Who would be affected

  • Primary targets: healthcare providers (physicians, clinics) who provide puberty blockers, cross‑sex hormone therapy, or related surgical interventions to minors.
  • Secondary effects: minors (except emancipated minors), parents/guardians, health‑care licensing boards, prosecutorial offices, and public bodies that handle reproductive‑health information.

Fiscal and administrative impact (Legislative Finance Committee / LFC summary)
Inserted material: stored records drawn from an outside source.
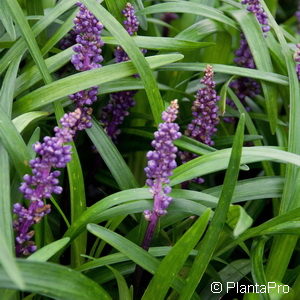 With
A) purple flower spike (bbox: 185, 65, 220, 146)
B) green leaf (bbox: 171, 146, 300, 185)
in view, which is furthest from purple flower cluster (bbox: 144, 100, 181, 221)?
purple flower spike (bbox: 185, 65, 220, 146)

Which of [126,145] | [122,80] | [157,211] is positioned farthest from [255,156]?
[126,145]

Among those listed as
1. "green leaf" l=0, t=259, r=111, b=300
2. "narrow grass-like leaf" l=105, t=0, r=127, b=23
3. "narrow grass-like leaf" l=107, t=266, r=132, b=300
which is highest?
"narrow grass-like leaf" l=105, t=0, r=127, b=23

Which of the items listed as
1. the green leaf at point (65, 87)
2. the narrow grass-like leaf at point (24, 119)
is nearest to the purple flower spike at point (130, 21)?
the green leaf at point (65, 87)

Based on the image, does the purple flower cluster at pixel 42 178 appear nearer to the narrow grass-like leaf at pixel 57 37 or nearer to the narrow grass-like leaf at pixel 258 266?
the narrow grass-like leaf at pixel 57 37

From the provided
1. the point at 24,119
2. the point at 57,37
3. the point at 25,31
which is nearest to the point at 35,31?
the point at 57,37

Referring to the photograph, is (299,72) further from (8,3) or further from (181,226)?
(8,3)

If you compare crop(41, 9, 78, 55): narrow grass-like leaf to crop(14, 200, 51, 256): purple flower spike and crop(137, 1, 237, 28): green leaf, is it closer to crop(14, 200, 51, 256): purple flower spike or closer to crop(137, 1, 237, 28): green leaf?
crop(137, 1, 237, 28): green leaf

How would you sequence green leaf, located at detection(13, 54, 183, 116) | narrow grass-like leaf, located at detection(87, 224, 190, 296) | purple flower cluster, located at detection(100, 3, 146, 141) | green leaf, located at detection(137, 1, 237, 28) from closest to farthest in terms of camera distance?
narrow grass-like leaf, located at detection(87, 224, 190, 296)
green leaf, located at detection(13, 54, 183, 116)
purple flower cluster, located at detection(100, 3, 146, 141)
green leaf, located at detection(137, 1, 237, 28)

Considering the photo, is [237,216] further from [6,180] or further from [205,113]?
Answer: [6,180] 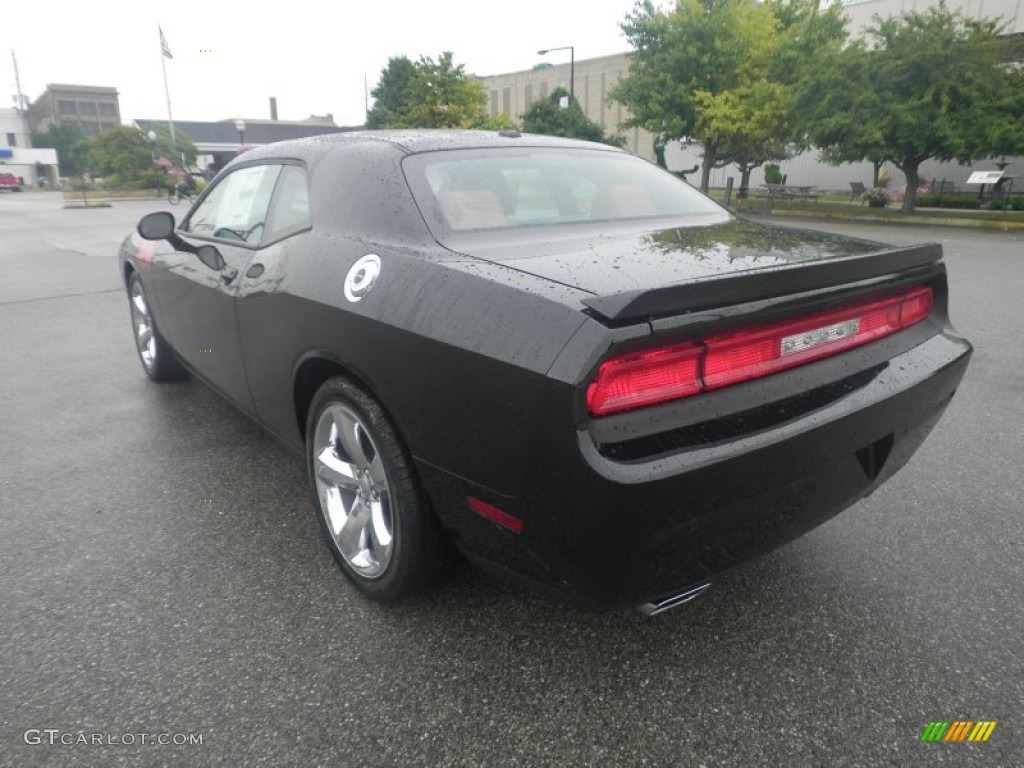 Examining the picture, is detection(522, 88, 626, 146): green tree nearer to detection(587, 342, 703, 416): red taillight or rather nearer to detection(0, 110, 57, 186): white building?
detection(587, 342, 703, 416): red taillight

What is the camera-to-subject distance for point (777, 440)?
1731mm

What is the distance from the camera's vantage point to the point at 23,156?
79812mm

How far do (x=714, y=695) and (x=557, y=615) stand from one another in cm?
55

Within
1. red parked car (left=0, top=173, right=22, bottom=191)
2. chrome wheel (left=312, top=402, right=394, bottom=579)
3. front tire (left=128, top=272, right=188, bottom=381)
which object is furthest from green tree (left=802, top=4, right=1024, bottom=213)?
red parked car (left=0, top=173, right=22, bottom=191)

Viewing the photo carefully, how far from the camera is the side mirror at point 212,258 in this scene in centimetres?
309

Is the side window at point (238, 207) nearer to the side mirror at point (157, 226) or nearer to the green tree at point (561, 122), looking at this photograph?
the side mirror at point (157, 226)

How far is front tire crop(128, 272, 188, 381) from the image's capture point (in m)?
4.55

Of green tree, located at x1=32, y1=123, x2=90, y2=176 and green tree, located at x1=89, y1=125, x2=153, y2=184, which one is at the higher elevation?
green tree, located at x1=32, y1=123, x2=90, y2=176

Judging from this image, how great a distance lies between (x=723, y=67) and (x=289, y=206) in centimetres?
2613

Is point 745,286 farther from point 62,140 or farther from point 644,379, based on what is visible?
point 62,140

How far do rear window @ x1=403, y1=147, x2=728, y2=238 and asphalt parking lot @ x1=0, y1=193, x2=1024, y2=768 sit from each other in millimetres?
1271

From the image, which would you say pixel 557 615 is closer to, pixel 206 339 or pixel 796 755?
pixel 796 755

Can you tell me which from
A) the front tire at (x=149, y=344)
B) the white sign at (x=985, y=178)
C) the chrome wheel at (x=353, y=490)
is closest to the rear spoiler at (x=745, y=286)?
the chrome wheel at (x=353, y=490)

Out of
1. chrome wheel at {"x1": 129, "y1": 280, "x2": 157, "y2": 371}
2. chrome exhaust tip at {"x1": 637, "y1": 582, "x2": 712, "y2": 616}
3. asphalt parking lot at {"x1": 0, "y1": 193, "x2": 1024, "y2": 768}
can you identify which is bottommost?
asphalt parking lot at {"x1": 0, "y1": 193, "x2": 1024, "y2": 768} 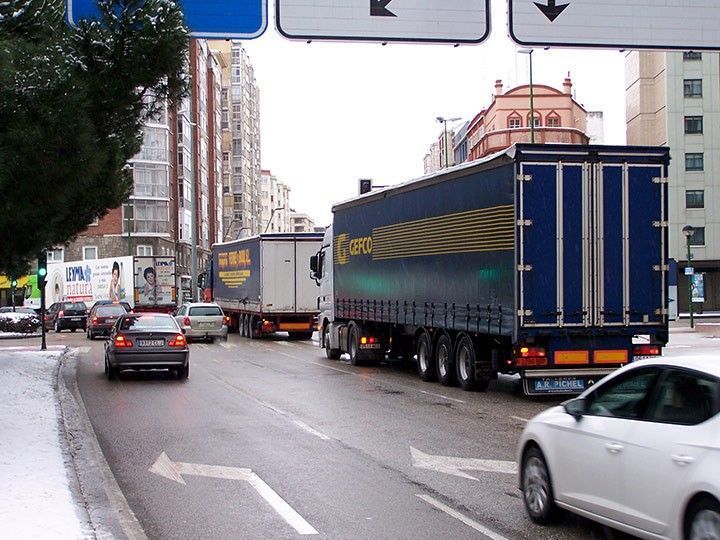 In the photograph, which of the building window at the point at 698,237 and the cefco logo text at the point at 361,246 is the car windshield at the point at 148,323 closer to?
the cefco logo text at the point at 361,246

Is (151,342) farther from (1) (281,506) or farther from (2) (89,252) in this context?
(2) (89,252)

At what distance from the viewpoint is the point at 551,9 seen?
9.71 metres

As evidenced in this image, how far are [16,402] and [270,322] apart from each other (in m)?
22.3

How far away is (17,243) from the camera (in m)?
16.3

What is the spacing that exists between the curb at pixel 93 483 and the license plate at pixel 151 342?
15.9 ft

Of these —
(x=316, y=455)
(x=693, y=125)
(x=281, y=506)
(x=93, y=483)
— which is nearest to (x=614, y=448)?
(x=281, y=506)

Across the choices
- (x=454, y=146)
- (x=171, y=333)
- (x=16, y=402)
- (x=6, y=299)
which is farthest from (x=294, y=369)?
(x=454, y=146)

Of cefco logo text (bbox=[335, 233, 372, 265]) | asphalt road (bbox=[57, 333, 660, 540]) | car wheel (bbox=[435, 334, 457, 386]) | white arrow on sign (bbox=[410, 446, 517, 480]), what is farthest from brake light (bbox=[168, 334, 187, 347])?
white arrow on sign (bbox=[410, 446, 517, 480])

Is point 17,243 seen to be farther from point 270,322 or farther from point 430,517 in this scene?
point 270,322

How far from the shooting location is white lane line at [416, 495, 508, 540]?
7717 millimetres

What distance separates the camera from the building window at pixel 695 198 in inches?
2662

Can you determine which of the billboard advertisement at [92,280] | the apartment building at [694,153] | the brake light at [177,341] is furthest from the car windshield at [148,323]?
the apartment building at [694,153]

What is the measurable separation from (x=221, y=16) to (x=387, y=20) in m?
1.59

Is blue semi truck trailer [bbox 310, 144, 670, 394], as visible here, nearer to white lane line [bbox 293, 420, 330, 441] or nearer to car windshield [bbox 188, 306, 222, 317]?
white lane line [bbox 293, 420, 330, 441] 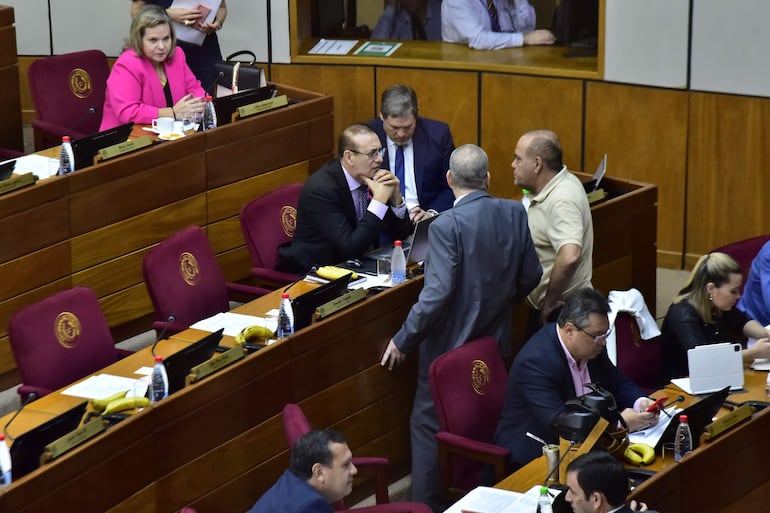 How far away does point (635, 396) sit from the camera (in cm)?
507

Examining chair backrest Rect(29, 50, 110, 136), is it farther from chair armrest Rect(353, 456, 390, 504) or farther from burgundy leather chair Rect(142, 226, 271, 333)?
chair armrest Rect(353, 456, 390, 504)

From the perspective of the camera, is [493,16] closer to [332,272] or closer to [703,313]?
[332,272]

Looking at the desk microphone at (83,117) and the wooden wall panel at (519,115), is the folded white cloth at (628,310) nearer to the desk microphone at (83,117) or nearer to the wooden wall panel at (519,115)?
the wooden wall panel at (519,115)

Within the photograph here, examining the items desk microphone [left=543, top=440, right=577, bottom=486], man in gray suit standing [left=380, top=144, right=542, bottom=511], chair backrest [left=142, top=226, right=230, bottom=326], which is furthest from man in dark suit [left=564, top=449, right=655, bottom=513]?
chair backrest [left=142, top=226, right=230, bottom=326]

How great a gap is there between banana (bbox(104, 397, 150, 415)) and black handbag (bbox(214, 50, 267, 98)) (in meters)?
3.13

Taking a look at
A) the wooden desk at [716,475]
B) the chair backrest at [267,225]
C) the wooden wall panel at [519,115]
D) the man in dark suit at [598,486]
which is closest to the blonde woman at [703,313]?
the wooden desk at [716,475]

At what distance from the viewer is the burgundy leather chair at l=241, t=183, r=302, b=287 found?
611 centimetres

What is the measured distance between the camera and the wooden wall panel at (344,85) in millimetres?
8562

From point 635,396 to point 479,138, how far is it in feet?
11.6

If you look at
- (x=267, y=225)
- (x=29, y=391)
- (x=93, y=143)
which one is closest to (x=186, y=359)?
(x=29, y=391)

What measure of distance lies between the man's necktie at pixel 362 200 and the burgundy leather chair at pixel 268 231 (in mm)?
396

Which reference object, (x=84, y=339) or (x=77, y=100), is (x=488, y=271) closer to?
(x=84, y=339)

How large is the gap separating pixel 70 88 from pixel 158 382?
132 inches

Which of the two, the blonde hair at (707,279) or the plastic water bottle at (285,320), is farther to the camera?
the blonde hair at (707,279) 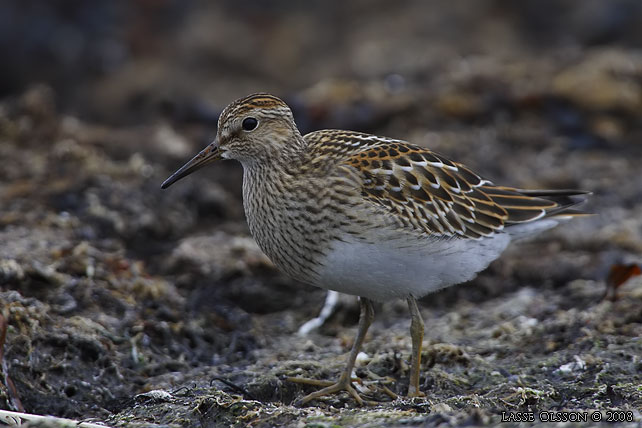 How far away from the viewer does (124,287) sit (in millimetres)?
6422

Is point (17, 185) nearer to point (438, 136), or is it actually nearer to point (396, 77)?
point (438, 136)

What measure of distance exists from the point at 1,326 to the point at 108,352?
0.80m

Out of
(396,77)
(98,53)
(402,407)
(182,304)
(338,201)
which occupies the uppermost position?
(98,53)

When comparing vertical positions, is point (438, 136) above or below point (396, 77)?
below

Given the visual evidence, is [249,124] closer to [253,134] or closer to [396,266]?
[253,134]

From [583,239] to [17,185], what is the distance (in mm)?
5177

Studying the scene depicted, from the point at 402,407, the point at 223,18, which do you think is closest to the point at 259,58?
the point at 223,18

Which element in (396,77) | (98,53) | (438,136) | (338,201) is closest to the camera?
(338,201)

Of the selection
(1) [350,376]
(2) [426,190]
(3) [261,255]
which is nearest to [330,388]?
(1) [350,376]

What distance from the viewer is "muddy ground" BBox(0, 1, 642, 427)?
526 centimetres

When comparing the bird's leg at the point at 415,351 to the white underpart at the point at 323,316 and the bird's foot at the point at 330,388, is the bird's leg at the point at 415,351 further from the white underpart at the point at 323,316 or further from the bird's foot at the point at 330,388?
the white underpart at the point at 323,316

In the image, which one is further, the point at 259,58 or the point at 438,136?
the point at 259,58

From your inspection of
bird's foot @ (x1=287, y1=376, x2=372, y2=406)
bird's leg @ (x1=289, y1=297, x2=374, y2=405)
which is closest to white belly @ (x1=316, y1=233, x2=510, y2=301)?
bird's leg @ (x1=289, y1=297, x2=374, y2=405)

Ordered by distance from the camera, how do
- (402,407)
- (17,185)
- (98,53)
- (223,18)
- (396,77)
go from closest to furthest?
1. (402,407)
2. (17,185)
3. (396,77)
4. (98,53)
5. (223,18) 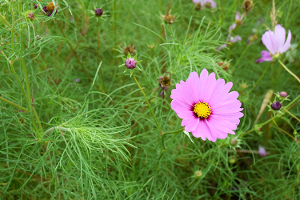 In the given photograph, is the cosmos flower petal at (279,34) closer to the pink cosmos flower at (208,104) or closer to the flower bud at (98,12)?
the pink cosmos flower at (208,104)

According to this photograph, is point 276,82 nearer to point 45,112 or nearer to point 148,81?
point 148,81

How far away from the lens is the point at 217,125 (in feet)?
2.10

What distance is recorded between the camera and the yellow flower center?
26.0 inches

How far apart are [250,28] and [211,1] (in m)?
0.41

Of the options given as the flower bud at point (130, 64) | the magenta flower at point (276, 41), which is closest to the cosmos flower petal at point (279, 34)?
the magenta flower at point (276, 41)

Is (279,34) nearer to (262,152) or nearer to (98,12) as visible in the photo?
(262,152)

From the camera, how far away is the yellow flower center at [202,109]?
2.17 feet

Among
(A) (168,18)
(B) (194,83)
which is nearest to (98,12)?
(A) (168,18)

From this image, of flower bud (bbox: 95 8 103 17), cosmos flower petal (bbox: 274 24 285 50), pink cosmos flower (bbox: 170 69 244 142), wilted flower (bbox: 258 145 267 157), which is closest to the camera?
pink cosmos flower (bbox: 170 69 244 142)

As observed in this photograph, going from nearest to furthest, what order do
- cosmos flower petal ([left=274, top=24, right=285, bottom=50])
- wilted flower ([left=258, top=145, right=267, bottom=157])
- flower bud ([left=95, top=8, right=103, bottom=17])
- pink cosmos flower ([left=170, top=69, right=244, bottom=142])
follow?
1. pink cosmos flower ([left=170, top=69, right=244, bottom=142])
2. flower bud ([left=95, top=8, right=103, bottom=17])
3. cosmos flower petal ([left=274, top=24, right=285, bottom=50])
4. wilted flower ([left=258, top=145, right=267, bottom=157])

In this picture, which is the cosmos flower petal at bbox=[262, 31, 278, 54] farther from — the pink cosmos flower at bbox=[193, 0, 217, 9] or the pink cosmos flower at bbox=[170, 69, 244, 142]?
the pink cosmos flower at bbox=[170, 69, 244, 142]

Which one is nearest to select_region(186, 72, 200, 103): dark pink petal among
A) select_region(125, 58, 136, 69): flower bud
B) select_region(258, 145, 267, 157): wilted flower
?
select_region(125, 58, 136, 69): flower bud

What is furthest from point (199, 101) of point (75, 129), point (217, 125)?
point (75, 129)

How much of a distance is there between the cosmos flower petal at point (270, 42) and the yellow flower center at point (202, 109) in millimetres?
497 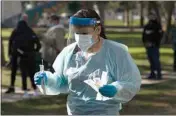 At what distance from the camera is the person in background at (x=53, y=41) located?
11.7 meters

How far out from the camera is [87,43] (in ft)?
13.3

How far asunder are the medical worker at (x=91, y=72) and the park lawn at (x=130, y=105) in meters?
5.25

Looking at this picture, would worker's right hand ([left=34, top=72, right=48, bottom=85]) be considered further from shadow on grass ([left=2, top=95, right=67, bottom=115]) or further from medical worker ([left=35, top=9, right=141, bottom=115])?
shadow on grass ([left=2, top=95, right=67, bottom=115])

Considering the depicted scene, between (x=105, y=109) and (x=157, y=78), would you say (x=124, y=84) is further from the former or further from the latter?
(x=157, y=78)

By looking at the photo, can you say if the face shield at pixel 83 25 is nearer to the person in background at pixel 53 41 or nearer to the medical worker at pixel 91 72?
the medical worker at pixel 91 72

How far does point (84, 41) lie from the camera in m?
4.04

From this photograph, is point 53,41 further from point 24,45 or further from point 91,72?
point 91,72

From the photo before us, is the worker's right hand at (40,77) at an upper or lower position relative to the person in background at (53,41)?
upper

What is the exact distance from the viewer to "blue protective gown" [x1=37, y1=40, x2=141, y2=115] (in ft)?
12.9

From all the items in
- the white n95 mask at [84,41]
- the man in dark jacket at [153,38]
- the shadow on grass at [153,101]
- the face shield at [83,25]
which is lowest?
the shadow on grass at [153,101]

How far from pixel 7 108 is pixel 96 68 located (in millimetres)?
6190

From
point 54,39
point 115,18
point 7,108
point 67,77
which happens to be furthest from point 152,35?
point 115,18

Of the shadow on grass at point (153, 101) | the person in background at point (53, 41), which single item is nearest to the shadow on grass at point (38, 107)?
the person in background at point (53, 41)

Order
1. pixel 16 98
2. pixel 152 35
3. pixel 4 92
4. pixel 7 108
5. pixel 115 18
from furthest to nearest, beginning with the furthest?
1. pixel 115 18
2. pixel 152 35
3. pixel 4 92
4. pixel 16 98
5. pixel 7 108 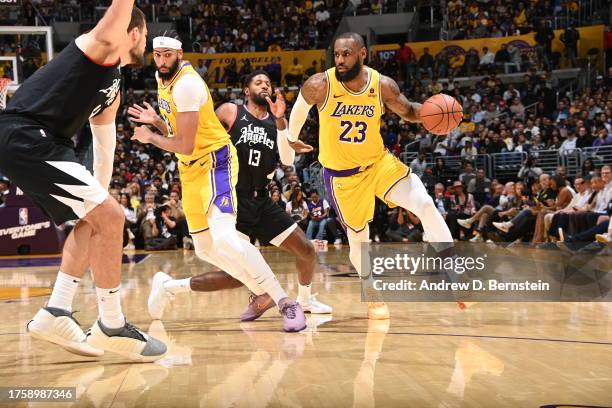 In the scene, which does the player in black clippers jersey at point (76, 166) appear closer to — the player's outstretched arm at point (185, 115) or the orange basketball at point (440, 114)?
the player's outstretched arm at point (185, 115)

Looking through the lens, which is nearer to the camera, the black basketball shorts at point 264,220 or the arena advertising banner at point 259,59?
the black basketball shorts at point 264,220

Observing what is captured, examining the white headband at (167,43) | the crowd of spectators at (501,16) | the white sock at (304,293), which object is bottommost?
the white sock at (304,293)

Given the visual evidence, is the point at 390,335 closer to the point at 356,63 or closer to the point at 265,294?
the point at 265,294

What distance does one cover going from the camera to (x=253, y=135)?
263 inches

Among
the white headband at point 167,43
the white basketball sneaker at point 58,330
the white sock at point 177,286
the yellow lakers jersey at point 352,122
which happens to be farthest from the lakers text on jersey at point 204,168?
the white basketball sneaker at point 58,330

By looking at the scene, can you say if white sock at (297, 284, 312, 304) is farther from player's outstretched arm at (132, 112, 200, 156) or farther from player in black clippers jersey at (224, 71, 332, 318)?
player's outstretched arm at (132, 112, 200, 156)

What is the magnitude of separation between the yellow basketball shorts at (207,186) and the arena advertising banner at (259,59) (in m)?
20.2

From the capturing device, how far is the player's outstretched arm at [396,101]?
6547 mm

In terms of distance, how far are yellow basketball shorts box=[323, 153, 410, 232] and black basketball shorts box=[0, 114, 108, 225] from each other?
2893 millimetres

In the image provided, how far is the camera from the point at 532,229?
13.7 metres

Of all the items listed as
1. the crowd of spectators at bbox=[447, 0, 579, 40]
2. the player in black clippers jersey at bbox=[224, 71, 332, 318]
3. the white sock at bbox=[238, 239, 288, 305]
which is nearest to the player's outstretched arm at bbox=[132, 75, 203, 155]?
the white sock at bbox=[238, 239, 288, 305]

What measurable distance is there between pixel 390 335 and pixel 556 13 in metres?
21.2

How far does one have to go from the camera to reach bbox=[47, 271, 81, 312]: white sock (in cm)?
441

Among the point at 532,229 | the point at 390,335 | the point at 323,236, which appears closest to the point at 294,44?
the point at 323,236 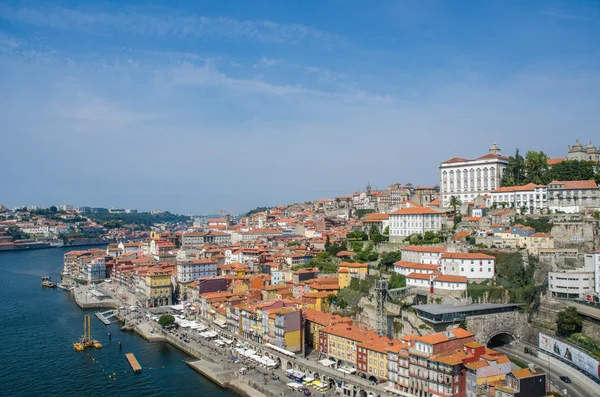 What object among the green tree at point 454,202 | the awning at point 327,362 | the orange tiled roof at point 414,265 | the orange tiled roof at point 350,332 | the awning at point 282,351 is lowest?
the awning at point 327,362

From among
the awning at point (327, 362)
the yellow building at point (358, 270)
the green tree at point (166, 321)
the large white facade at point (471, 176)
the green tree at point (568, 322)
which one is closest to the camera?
the green tree at point (568, 322)

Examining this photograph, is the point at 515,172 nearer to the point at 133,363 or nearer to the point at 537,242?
the point at 537,242

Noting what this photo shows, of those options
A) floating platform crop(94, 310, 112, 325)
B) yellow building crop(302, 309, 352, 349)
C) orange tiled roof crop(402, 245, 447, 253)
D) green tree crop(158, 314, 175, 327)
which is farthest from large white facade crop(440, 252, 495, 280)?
floating platform crop(94, 310, 112, 325)

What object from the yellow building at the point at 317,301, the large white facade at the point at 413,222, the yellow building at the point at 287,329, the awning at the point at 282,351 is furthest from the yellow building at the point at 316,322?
the large white facade at the point at 413,222

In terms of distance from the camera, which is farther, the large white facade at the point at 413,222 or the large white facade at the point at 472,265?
the large white facade at the point at 413,222

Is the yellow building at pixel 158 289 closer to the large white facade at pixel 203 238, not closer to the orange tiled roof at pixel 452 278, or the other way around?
the large white facade at pixel 203 238

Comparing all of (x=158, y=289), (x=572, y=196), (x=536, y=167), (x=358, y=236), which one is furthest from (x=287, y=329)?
(x=536, y=167)

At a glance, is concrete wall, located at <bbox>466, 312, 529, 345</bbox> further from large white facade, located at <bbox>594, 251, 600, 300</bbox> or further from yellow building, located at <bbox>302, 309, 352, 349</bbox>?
yellow building, located at <bbox>302, 309, 352, 349</bbox> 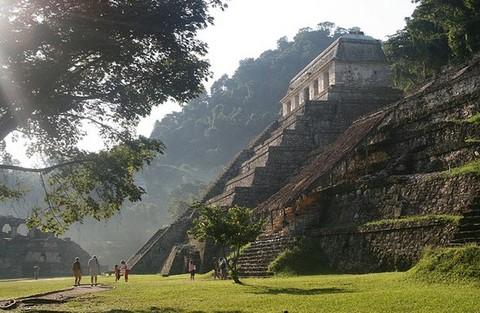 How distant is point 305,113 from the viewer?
27.7 metres

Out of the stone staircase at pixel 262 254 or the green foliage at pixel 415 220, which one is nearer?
the green foliage at pixel 415 220

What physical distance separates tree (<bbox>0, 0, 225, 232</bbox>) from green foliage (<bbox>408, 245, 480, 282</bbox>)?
5.70m

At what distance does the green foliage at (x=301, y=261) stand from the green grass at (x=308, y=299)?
2.96 metres

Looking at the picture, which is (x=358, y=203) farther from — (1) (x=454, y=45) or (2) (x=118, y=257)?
(2) (x=118, y=257)

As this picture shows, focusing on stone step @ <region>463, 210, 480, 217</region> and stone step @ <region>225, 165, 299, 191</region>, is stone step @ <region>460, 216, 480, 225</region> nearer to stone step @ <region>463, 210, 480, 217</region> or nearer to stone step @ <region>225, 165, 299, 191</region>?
stone step @ <region>463, 210, 480, 217</region>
  • No appropriation included. LFC estimates:
    • Increased legal/prosecutorial workload (NM Attorney General, district attorneys, and Public Defender Department may need 1–3 additional attorneys each; estimated ~$150,000/year per attorney).
    • Health Care Authority (HCA) may require 1 FTE to implement/monitor — partially state/federal funded.
    • Medicaid spend reductions estimated roughly $335,000 (with ~75% federal share), producing some offsetting federal savings.
    • Net fiscal impact is characterized as indeterminate but potentially minimal to moderate depending on litigation and enforcement volume.

Procedural/timeline notes

  • Introduced November 12, 2024. Multiple committee and calendar actions occurred in early–mid 2025 per the LFC file.
  • Reported fiscal analyses and agency reviews indicated potential workload increases for legal and enforcement agencies.
  • Latest recorded legislative status: action postponed indefinitely (2025‑06‑03), meaning the bill was effectively tabled and not advanced at that time.

Sources: bill text and fiscal/policy notes prepared by the New Mexico Legislative Finance Committee and agency analyses (LFC Fiscal Impact Report).

Compiled from official sources — confirm details with the bill’s official record.